Keep Voorheesville from gong to the dogs, plan now for the future

Illustration by Forest Byrd

The village of Voorheesville is in the midst of a building boom.

Within the village, Quail Run plans to build 23 units on the last large tract of open space. And five homes are to be built on the 16 acres surrounding the old Voorhees House. That grand Victorian home has, since it was built, stood alone on a hill, overlooking the railroad that brought commerce and city visitors to the once-rural land.

Just outside the village, two more developments are planned — Claremont Estates, which is slated to add 10 homes, and the Colonie Country Club Estates with 40 new homes abutting the golf course.

All of these projects will receive village water. Development can’t proceed without water.

The desire to move to Voorheesville is huge, says John Bossalini, a project executive at Amedore Homes, the builder for the country-club development. “It’s a great school district,” he said. “Taxes are reasonable. It’s an easy commute. New Scotland is so close to the city and the state campus.”

These are all good things, but any of them, except the proximity, can be spoiled without sensible planning.

Taxes go up as families move in with kids who go to school, and they require other municipal services, too. The school district, like others across the state, is facing a massive reduction in state aid and, without a large commercial tax base, may well have to make painful cuts.

Voorheesville’s mayor, Robert Conway, is aware of these looming problems. He hopes to strike a water deal with the town of New Scotland for homes that are already built, reasoning that, if the village water is used for existing structures, it won’t be available for new ones.

“We have the capacity,” he told our reporter, Philippa Stasiuk, this week. “I’m not concerned about selling too much water. What I’m concerned about is, when we grant water, that it possibly opens the door for further expansion.”

Selling water would also help fill the village coffers. Voorheesville lost about $50,000 a year when Atlas Copco Comptec, the village’s largest water customer, reduced its water consumption by 90 percent, or about 20 million gallons, after building re-circulating cooling towers for the water.

We have no quarrel with the mayor’s goal of curbing development. In fact, we applaud it.

But we believe there is a better way to go about it. We urge the village to set up a master-planning committee to develop a meaningful plan for Voorheesville’s future.

In 2005, the Open Space Institute released a report, documenting sprawl in the Capital Region. It detailed the many problems that come with sprawl and reduce the quality of life. The report noted that the state allows five planning methods for municipalities. One of them, and it is one of the most important, is a comprehensive land-use plan.
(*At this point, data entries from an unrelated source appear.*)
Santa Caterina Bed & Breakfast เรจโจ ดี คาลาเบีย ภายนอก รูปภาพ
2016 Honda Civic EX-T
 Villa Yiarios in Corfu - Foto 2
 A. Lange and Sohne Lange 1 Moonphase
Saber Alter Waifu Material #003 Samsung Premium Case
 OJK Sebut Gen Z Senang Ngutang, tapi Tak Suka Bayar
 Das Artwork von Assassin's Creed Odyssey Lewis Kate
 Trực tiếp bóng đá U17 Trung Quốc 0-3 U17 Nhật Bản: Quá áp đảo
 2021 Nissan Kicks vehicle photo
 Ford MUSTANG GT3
That same year, we raised the question of the nearby village of Altamont during our election interviews in the spring. All of the winning candidates said they advocated creating a comprehensive land-use plan. They then fulfilled that promise.

Trustee Dean Whalen, who headed Altamont’s master-planning committee and went on to head the committee that drafted zoning to fit the plan, told us, “We don’t have anything on how we see ourselves in the 21st Century. We don’t want to get steamrolled.”

Now Altamont has a plan, and the zoning to back it up. Beyond that, it has a committee that meets to express village views on Guilderland town projects planned near its borders. Such a committee would be valuable for Voorheesville, too.

Altamont’s master-planning committee went about its work in the right way, which could form a valuable template for nearby Voorheesville as well. It surveyed village residents and held public workshops.

As we’ve written before, a meaningful comprehensive plan offers a vision of what a town or village would like to become and what it should preserve. When master plans first became popular more than a quarter of a century ago, many municipalities adopted cookie-cutter plans churned out by consultants; those plans sat on shelves, collecting dust.

For a municipality’s master plan to work well, it must reflect the views of its residents and then its tenets must be codified into zoning law. And it must be regularly updated.

This process would give the village a chance to publicly work through its priorities — from resource, traffic, and environmental concerns to social concerns like the need for affordable housing or viable community centers.

Voorheesville has an opportunity to take a long look into its future, to see what it wants to preserve of its past and the spaces that now exist in the village. We plan to ask about it in the upcoming spring elections. We hope the candidates and those currently in office not running for re-election will seize the day.

The village needs to preserve the very things that make it so attractive. Now is the time to do that.